2005-11-11 Németh László <nemethl@gyorsposta.hu>:
        * src/hunspell/affixmgr.*: fix Unicode MAP errors (sorted only n-1
          characters instead of n ones in UTF-16 MAP character lists).
          Bug reported by Rene Engelhard.

        * src/hunspell/affixmgr.*: fix infinite COMPOUND matching (default char
          type is unsigned on PowerPC, s390 and ARM platforms and it will never
          be negative).
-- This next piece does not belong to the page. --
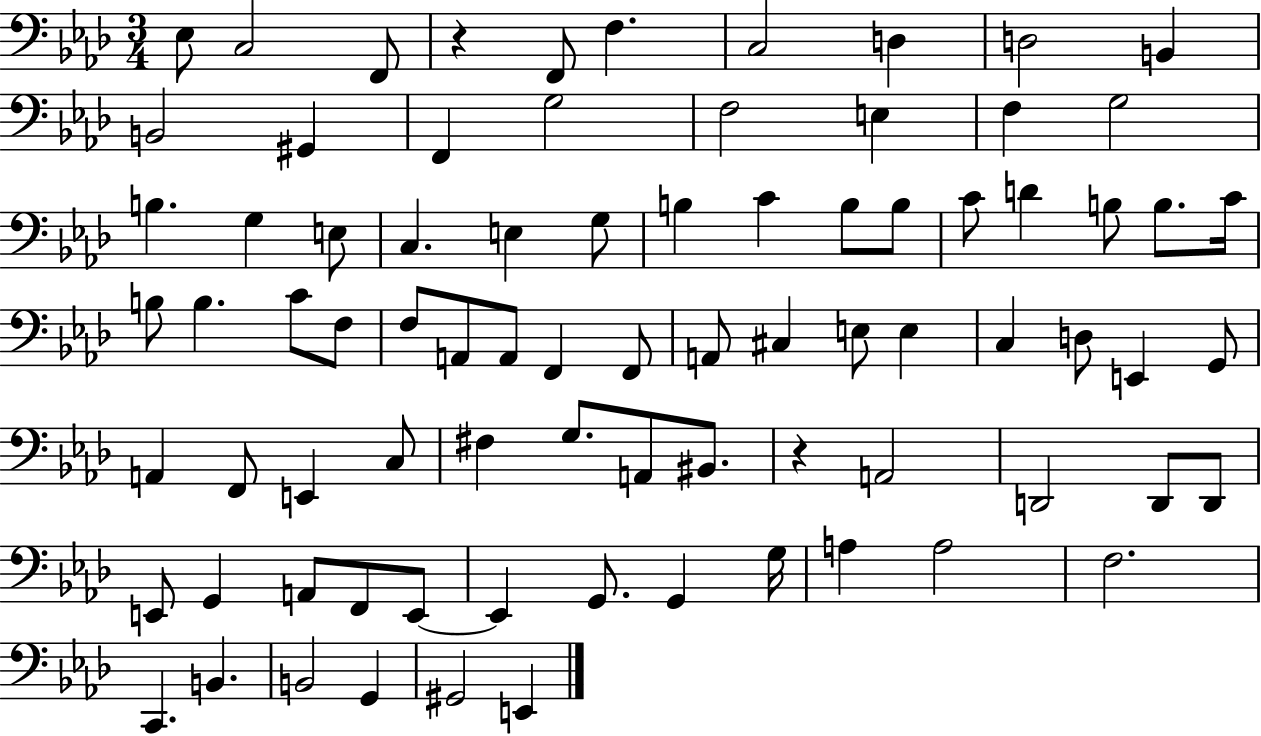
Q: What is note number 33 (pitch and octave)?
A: B3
Bug reported by Rene Engelhard.
        
	* src/hunspell/{affixmgr,suggestmgr}.cxx: fix bad ONLYINCOMPOUND
          word suggestions.
	* tests/onlyincompound.sug: empty test file to check this fix.
          Bug reported by Björn Jacke.

        * src/hunspell/affixmgr.cxx: fix backtracking in COMPOUND pattern matching.
        * tests/compound6.*: test files to check this fix.
        
        * csutil.cxx: set bigger range types in flag_qsort() and flag_bsearch().
        
        * affixmgr.hxx: set better type for cont_classes[] Boolean data (short -> char)
        
        * configure.ac, tests/automake.am: set platform specific XFAIL test
          (flagutf8.test on ARM platform)
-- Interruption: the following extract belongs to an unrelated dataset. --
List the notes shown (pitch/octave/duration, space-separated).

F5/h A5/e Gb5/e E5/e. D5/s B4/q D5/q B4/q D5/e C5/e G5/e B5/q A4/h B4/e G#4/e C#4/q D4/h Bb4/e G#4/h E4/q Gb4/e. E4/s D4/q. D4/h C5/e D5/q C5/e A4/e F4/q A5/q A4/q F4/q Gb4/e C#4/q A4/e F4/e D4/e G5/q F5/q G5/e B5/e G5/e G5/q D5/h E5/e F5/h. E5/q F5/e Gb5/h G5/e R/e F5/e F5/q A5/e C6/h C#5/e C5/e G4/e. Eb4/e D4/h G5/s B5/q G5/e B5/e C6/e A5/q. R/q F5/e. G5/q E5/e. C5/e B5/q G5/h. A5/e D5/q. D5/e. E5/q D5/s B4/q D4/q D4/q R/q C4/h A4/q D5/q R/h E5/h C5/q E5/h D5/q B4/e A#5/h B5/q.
2005-11-09 Németh László <nemethl@gyorsposta.hu>:
improvements:
        * src/hunspell/affixmgr.*: new and improved affix file parameters:

        - COMPOUND definitions: compound patterns with regexp-like matching.
          See manual and test files: tests/compound*.*
          Suggested by Bram Moolenaar.
          Also useful for simple word-level lexical scanning, for example
          analysing numbers or words with numbers (OOo Issue #53643):
          http://qa.openoffice.org/issues/show_bug.cgi?id=53643
          Examples: tests/compound{4,5}.*.

        - NOSUGGEST flag: words signed with NOSUGGEST flag are not suggested.
          Proposed flag for vulgar and obscene words (OOo Issue #55498).
          Example: tests/nosuggest.*.
          Problem reported by bobharvey at OOo:
          http://qa.openoffice.org/issues/show_bug.cgi?id=55498

        - KEEPCASE flag: Forbid capitalized and uppercased forms of words 
          signed with KEEPCASE flags. Useful for special ortographies 
          (measurements and currency often keep their case in uppercased
          texts) and other writing systems (eg. keeping lower case of IPA
          characters).

        - CHECKCOMPOUNDCASE: Forbid upper case characters at word bound in compounds.
          Examples: tests/checkcompoundcase* and tests/germancompounding.*

        - FLAG UTF-8: New flag type: Unicode character encoded with UTF-8.
          Example: tests/flagutf8.*.
          Rationale: Unicode character type can be more readable
          (in a Unicode text editor) than `long' or `num' flag type.

bug fixes:
        * src/hunspell/hunspell.cxx: accept numbers and numbers with separators (i53643)
          Bug reported by skelet at OOo:
          http://qa.openoffice.org/issues/show_bug.cgi?id=53643

	* src/hunspell/csutil.cxx: fix casing data in ISO 8859-13 character table.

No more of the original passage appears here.